A constructive, planned approach could also provide some relief from the lack of progress in the social housing sector. The damage started under Thatcher in the 1980s with many houses sold off under the Right to Buy scheme, drastically reducing the availability of family homes for rent.

The housing association movement in the 1970s and early 1980s was made responsible for bringing the renovation of a great deal of dilapidated housing, particularly in the inner cities. But many have now taken on the mantle of quasi-property developers, losing sight of their progressive history and burdened with debt through borrowing.

The government does nothing to discourage this: it wants not more homes at genuinely affordable rents, but “more homes of every kind” – unaffordable for many at market prices, and often built on greenfield sites. While new homes targets are missed, those trying to buy into the existing stock struggle to find enough for a deposit, pay existing mortgages as interest rates increase, or find property in an overheating rental market.

According to the Halifax the average first time buyer needs a deposit of over £62,000 to buy a property. This study found that in 2022 average property values for first time buyers were around 7.6 times the average of UK salaries. That rises to 10 times the average salary in areas of London. As a result, the majority of people are now getting their first mortgages in joint names.

In mid-2022 the Halifax reported that housing availability had fallen to its lowest level on record. The failure to plan is having a direct impact on workers being able to access housing and then pay for it. The report found that, since the start of the pandemic, house prices have risen by 16.8 per cent while earnings had gone up by only 2.7 per cent over the same period.
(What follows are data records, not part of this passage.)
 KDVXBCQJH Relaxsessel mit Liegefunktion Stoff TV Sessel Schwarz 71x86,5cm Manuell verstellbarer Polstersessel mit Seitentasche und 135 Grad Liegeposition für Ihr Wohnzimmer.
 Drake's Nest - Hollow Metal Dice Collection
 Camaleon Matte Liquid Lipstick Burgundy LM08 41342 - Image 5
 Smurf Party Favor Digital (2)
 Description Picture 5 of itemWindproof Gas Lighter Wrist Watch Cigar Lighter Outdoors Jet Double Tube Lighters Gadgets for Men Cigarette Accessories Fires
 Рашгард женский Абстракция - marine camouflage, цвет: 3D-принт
For those who already have a mortgage, repayments are an increasing burden. The Office of National Statistics looked at the loan to value ratio, the size of the loan relative to the value of the property being purchased. They reported a 61 per cent increase in monthly repayments on a semi-detached property in December 2022 compared to a year earlier. Similar increases were seen on other types of property.

Unaffordable

In December 2021 a loan to value ratio of 75 per cent and a budget of £1,000 per month would enable someone to afford an average semi-detached property in nearly two-thirds of local authorities in Britain.

A year later an average semi would be affordable in less than a third of local authority areas.

The story is much the same in the private rented sector. According to HomeLet Rental Index the average rental price for a new tenancy in the UK in July 2023 was £1,243 a month, up by over 10 per cent from last year. The figures for London were far higher, £2,109 a month, an increase of 12.9 per cent.

We need to start planning and re-building to meet increased housing demand from a growing population, changing demographics and inadequate old housing stock. We also need to plan for the supporting infrastructure that is currently inadequate even for the existing population – transport, schools, GPs and so on.

We need a house building programme that prioritises proper planning for people rather than property developers. As a country we need farmland for our self-sufficiency in food production and we need our countryside – as does our wildlife. So relying on profitable greenfield sites isn’t the answer.

Increased house building also provides an opportunity to create jobs and develop skills in planning and in the construction industry, including the development of high-quality apprenticeships for young people. There is also an opportunity to source building materials and equipment from British factories, further safeguarding and developing employment and skills.

But this isn’t going to happen without us making it happen. The inability, or more to the point, the unwillingness of the government to build new housing within our towns and cities, develop safe and integrated planning and ensure existing housing is affordable is evidence of that.